I was really upset and started crying right away. Jim must have been watching because he told me to come with him. On the way down to the field while I was wiping away the tears he told me someone wanted to meet me. Now I was really confused, but as we arrived at the Cardinal dugout I figured I was going to get to meet someone from the cardinal team.
I figured it would be someone who wasn't a starter as the game was getting ready to start. You can imagine my surprise when Stan Musial stepped out of the dugout and said "Hi Mike!" and shook my hand. After I got my breath back I said "Hi!" He said he couldn't stay to have his picture taken with me because he had to go out into the field, but that Red Schoendist would be out in a minute. So I tried to hide my disappointment that Stan was leaving and said "OK,Thanks." Stan said bye and went out onto the field and Red came out and the next day in the paper there were three pictures in the paper; two with all the other players on our team with some Cardinal players and one with me and Red. I was on cloud nine for months.
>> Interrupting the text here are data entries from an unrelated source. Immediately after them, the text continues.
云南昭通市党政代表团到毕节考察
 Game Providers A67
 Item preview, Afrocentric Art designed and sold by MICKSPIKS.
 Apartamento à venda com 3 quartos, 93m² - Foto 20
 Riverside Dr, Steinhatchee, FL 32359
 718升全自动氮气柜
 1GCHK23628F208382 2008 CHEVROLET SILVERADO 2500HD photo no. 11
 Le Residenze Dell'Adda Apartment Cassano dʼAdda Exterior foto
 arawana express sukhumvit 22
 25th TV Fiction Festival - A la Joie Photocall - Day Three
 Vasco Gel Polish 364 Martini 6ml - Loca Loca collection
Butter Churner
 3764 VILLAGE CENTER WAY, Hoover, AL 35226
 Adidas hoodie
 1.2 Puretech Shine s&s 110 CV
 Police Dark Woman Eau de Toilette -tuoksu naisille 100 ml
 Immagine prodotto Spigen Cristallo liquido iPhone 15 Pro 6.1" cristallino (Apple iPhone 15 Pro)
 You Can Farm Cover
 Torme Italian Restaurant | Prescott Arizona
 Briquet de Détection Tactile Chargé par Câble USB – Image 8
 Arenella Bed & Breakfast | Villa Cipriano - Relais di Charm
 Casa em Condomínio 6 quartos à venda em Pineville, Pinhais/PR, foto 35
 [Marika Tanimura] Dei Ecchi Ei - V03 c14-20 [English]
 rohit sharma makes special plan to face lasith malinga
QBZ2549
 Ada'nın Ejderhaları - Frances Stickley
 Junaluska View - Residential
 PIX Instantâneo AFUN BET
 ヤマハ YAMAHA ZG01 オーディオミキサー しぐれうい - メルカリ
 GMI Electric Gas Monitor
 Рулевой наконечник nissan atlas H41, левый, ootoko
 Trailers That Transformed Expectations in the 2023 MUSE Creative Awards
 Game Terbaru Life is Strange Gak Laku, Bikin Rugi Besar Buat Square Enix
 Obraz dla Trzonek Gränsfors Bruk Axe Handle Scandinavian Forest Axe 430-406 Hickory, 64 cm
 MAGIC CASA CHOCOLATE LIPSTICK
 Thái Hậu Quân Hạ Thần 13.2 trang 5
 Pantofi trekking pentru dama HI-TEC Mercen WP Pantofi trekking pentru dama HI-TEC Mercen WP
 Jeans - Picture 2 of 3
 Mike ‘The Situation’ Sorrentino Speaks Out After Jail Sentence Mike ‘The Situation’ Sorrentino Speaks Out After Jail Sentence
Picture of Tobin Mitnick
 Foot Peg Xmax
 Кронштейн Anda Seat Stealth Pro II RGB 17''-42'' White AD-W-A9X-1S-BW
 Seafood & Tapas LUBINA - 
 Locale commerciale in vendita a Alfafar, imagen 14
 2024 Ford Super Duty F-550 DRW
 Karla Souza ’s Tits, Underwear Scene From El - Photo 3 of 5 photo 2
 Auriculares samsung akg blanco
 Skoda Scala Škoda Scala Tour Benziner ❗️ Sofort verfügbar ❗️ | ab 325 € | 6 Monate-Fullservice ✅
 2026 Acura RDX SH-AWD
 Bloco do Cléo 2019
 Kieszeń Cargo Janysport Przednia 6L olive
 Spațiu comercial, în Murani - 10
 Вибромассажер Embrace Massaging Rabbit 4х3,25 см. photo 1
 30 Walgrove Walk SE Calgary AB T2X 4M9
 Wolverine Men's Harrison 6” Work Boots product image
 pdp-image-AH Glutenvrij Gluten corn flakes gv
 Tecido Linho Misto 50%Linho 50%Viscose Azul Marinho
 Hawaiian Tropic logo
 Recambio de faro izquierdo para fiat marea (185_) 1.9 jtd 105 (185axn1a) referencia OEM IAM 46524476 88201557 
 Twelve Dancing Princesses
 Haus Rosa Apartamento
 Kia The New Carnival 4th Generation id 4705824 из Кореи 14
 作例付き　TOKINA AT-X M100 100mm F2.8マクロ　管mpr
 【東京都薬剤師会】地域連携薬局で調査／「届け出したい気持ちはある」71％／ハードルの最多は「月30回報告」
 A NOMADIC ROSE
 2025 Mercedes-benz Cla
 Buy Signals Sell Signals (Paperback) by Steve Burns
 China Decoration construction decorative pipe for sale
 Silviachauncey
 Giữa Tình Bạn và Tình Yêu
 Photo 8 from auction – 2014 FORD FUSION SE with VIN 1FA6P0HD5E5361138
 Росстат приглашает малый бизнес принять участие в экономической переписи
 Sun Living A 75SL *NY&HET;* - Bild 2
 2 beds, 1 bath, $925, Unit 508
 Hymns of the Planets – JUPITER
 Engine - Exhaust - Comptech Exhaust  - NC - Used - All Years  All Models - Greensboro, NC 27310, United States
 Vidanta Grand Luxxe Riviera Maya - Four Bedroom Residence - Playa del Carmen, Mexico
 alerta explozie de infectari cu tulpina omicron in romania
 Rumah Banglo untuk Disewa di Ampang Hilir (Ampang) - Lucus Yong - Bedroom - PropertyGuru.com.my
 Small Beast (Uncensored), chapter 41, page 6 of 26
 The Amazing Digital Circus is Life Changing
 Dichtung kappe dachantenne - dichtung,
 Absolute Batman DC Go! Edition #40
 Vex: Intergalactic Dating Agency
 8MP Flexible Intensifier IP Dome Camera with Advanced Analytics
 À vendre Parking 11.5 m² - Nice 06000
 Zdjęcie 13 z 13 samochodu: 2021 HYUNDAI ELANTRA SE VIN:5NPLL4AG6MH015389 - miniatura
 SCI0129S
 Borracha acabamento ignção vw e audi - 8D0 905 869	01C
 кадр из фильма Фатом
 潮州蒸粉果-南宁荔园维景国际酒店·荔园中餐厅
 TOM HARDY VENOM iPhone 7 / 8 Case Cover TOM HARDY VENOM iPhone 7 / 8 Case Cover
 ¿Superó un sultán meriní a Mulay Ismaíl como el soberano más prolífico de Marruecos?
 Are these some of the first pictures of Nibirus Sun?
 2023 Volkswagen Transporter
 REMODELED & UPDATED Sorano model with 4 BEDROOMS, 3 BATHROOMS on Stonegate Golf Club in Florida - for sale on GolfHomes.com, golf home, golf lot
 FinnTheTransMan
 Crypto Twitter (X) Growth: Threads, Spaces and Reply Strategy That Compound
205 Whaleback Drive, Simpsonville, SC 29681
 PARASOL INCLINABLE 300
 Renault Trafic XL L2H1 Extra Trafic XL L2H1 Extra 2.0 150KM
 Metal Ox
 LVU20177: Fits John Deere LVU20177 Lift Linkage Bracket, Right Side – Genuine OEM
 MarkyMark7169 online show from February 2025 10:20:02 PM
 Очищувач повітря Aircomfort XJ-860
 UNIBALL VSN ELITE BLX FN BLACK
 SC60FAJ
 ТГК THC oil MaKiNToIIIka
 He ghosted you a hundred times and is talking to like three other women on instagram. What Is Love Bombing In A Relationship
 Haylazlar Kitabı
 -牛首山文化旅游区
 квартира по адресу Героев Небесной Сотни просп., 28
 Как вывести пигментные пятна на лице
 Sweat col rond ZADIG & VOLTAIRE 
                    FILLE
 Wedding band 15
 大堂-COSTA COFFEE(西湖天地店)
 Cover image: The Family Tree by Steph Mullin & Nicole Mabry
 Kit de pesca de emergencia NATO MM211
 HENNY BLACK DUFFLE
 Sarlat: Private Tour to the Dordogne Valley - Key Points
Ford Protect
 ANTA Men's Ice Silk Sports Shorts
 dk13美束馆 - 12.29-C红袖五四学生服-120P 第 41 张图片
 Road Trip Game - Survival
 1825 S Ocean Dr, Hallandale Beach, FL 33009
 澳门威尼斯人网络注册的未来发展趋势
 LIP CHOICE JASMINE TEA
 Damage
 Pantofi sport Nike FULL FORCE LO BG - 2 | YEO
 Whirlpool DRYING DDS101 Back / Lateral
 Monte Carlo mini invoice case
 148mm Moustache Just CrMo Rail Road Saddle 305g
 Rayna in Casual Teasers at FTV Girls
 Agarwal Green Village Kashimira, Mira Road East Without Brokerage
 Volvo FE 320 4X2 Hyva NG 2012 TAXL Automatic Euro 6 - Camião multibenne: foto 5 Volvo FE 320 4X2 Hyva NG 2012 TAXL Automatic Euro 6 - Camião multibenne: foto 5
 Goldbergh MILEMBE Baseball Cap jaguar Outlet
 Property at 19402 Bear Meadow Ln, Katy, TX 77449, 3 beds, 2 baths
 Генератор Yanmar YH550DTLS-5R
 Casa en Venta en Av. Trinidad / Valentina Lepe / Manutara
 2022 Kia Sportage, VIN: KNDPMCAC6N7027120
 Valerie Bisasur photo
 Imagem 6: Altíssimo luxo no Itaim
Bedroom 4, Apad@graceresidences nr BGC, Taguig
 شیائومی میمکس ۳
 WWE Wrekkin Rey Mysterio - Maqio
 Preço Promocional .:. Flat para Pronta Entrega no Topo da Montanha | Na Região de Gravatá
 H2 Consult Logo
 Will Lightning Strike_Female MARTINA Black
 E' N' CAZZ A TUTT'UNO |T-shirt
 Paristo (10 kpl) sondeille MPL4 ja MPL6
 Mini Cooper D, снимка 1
I know it's probably hard to believe but I didn't figure out that it was a set up for some 48 years. While in prison around 2004 I figured out that my Dad must have told Jim how I idolized Stan Musial and Jim might have been trying to make up for giving me the concussion, which he did.
Everyone over the age of 50 should do some time in prison. Besides giving you an idea of what it's like before you send someone in there and giving you an appreciation for freedom and life, it gives you time to think about your life and the mistakes you made and who you owe thanks to. Anyone over the age of forty who says they have no regrets has never done a serious examination of their life.